A verbatim reproduction of the lines below, from the line containing "CANALETA PVC BLANCA 40X40 2MTS" through the line containing "Johannes hauer schauspieler", both ends included, is the whole required output.

[Stored items from a collection]
—————

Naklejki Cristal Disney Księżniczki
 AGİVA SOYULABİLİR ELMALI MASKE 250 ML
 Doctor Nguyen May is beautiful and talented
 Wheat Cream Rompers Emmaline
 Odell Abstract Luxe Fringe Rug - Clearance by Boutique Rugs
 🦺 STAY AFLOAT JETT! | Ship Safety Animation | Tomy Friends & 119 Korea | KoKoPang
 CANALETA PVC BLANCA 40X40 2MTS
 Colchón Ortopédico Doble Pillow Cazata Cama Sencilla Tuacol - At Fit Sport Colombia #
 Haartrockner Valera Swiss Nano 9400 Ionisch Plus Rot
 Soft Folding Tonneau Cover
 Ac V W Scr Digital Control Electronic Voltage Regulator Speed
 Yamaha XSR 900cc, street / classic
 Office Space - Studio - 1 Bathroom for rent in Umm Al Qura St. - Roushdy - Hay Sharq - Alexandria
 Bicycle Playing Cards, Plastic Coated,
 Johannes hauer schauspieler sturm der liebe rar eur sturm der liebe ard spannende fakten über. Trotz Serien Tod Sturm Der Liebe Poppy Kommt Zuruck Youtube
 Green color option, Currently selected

—————

TASK ANSWER —
 CANALETA PVC BLANCA 40X40 2MTS
 Colchón Ortopédico Doble Pillow Cazata Cama Sencilla Tuacol - At Fit Sport Colombia #
 Haartrockner Valera Swiss Nano 9400 Ionisch Plus Rot
 Soft Folding Tonneau Cover
 Ac V W Scr Digital Control Electronic Voltage Regulator Speed
 Yamaha XSR 900cc, street / classic
 Office Space - Studio - 1 Bathroom for rent in Umm Al Qura St. - Roushdy - Hay Sharq - Alexandria
 Bicycle Playing Cards, Plastic Coated,
 Johannes hauer schauspieler sturm der liebe rar eur sturm der liebe ard spannende fakten über. Trotz Serien Tod Sturm Der Liebe Poppy Kommt Zuruck Youtube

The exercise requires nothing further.